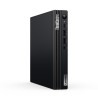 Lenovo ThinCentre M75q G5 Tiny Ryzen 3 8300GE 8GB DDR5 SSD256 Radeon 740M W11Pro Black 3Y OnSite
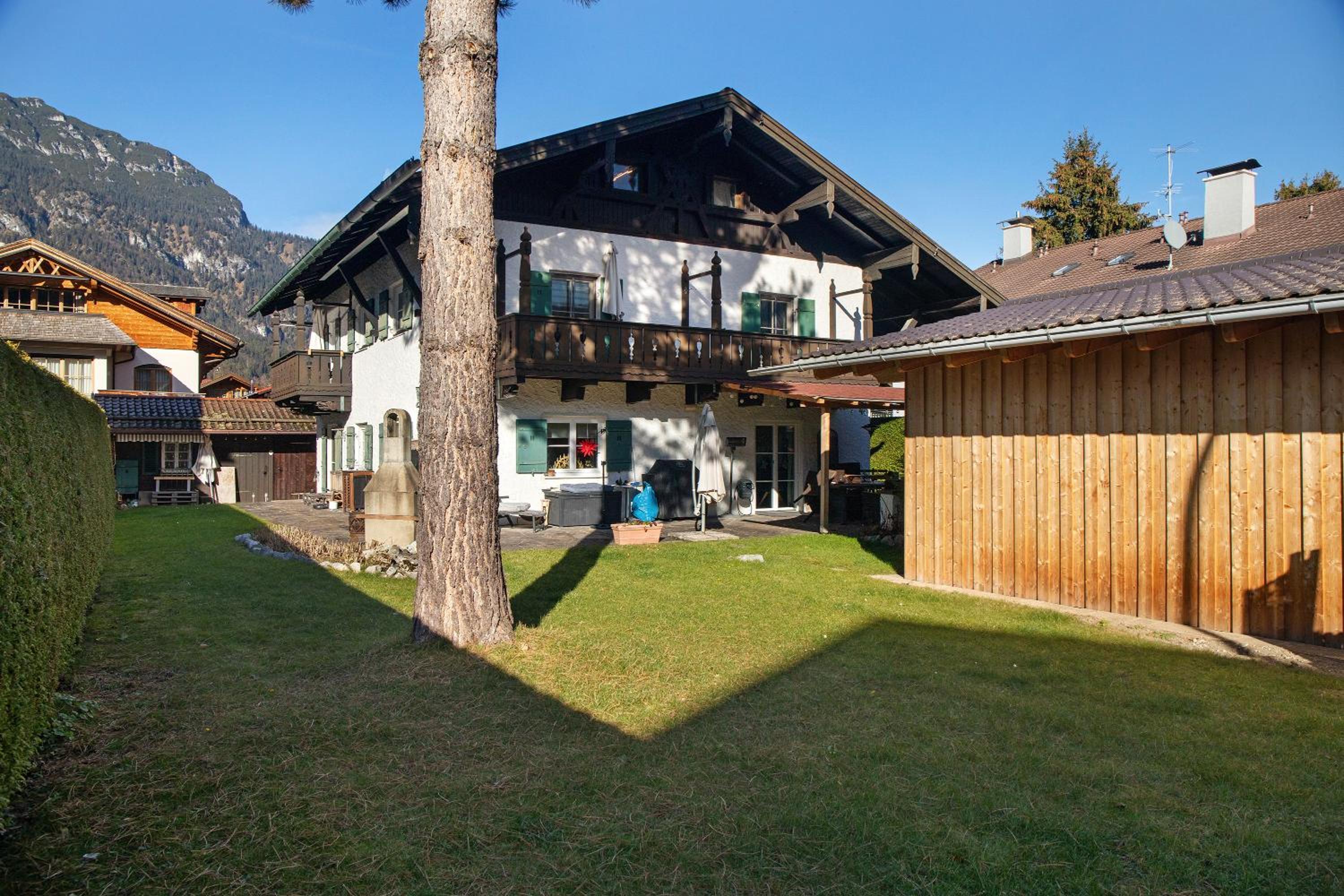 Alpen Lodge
---
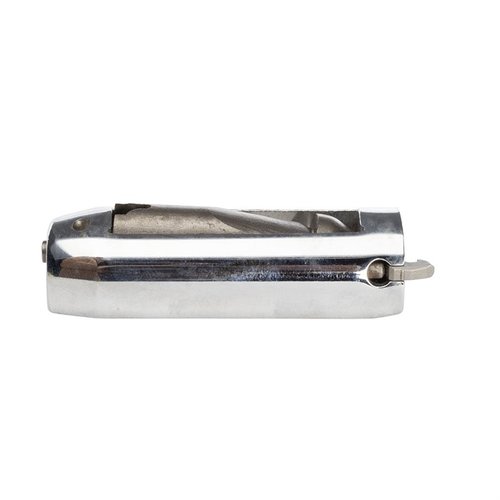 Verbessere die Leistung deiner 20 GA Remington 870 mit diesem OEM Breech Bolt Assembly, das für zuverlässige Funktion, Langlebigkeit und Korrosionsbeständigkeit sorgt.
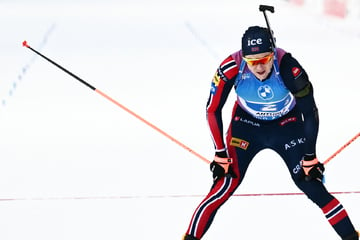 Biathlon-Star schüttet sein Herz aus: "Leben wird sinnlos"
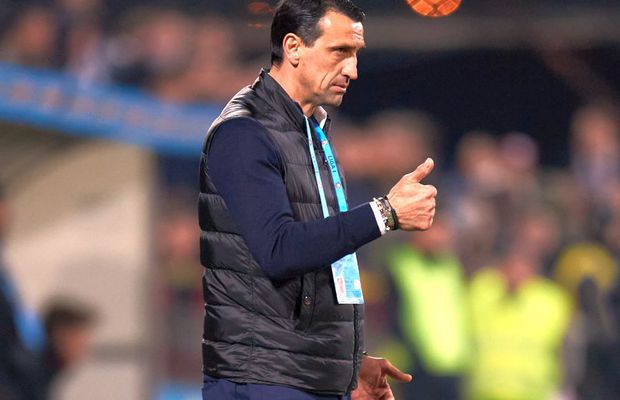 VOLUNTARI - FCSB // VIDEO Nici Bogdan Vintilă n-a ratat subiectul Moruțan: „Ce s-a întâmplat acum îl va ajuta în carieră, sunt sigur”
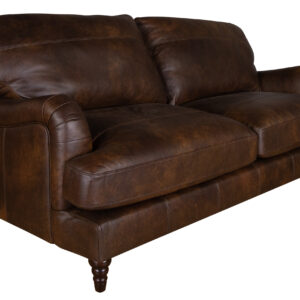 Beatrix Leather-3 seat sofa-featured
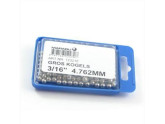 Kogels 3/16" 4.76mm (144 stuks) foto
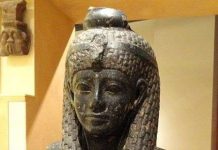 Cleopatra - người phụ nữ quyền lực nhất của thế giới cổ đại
* * *
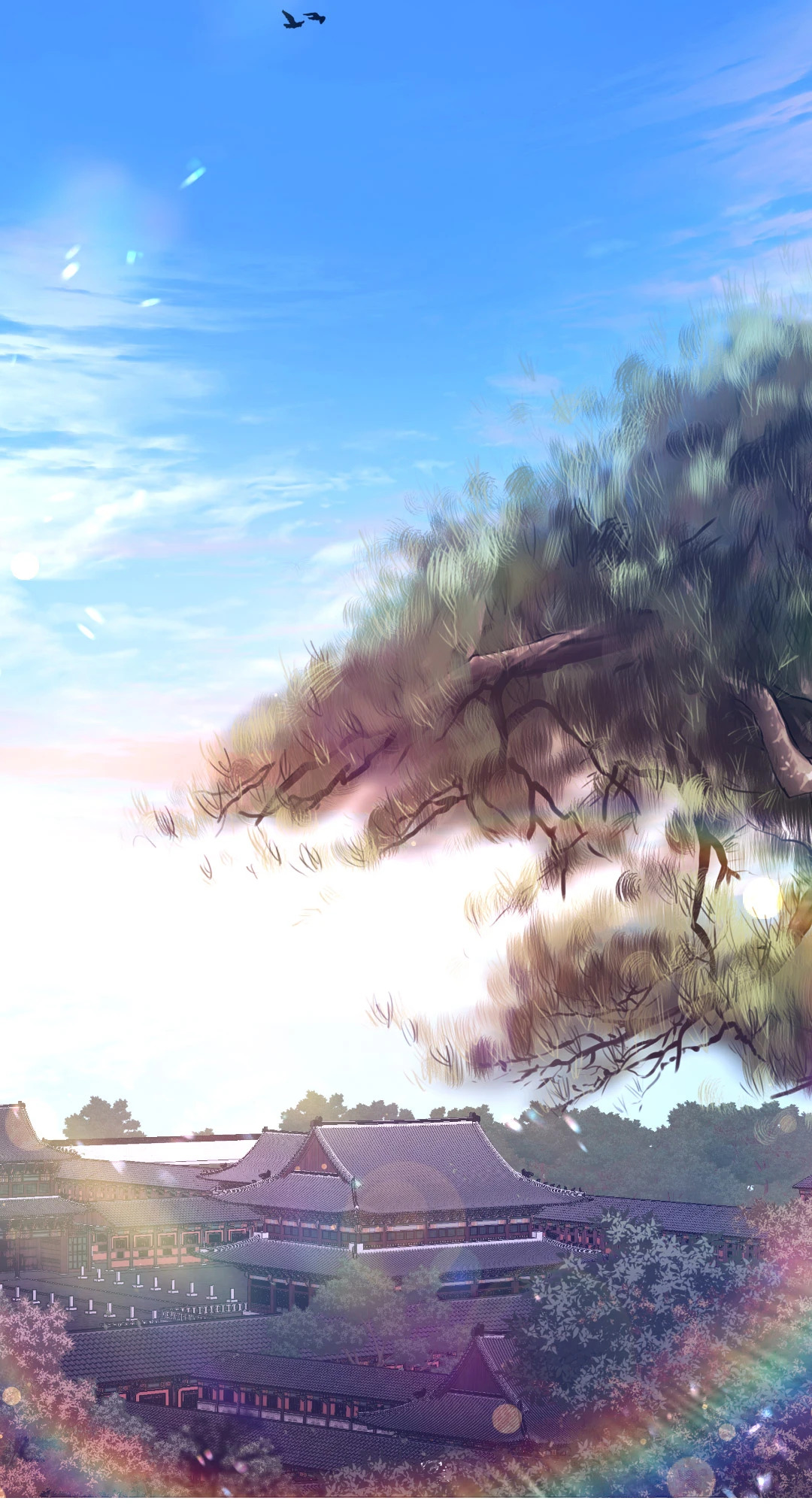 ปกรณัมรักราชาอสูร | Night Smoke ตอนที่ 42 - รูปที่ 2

Exercise instructions: Within these entries, output exactly the lines starting at the one with "Verbessere die Leistung" and finishing at the one with "Cleopatra - người". Leave pictures out of the output.

Solution:
 Verbessere die Leistung deiner 20 GA Remington 870 mit diesem OEM Breech Bolt Assembly, das für zuverlässige Funktion, Langlebigkeit und Korrosionsbeständigkeit sorgt.
 Biathlon-Star schüttet sein Herz aus: "Leben wird sinnlos"
 VOLUNTARI - FCSB // VIDEO Nici Bogdan Vintilă n-a ratat subiectul Moruțan: „Ce s-a întâmplat acum îl va ajuta în carieră, sunt sigur”
 Beatrix Leather-3 seat sofa-featured
 Kogels 3/16" 4.76mm (144 stuks) foto
 Cleopatra - người phụ nữ quyền lực nhất của thế giới cổ đại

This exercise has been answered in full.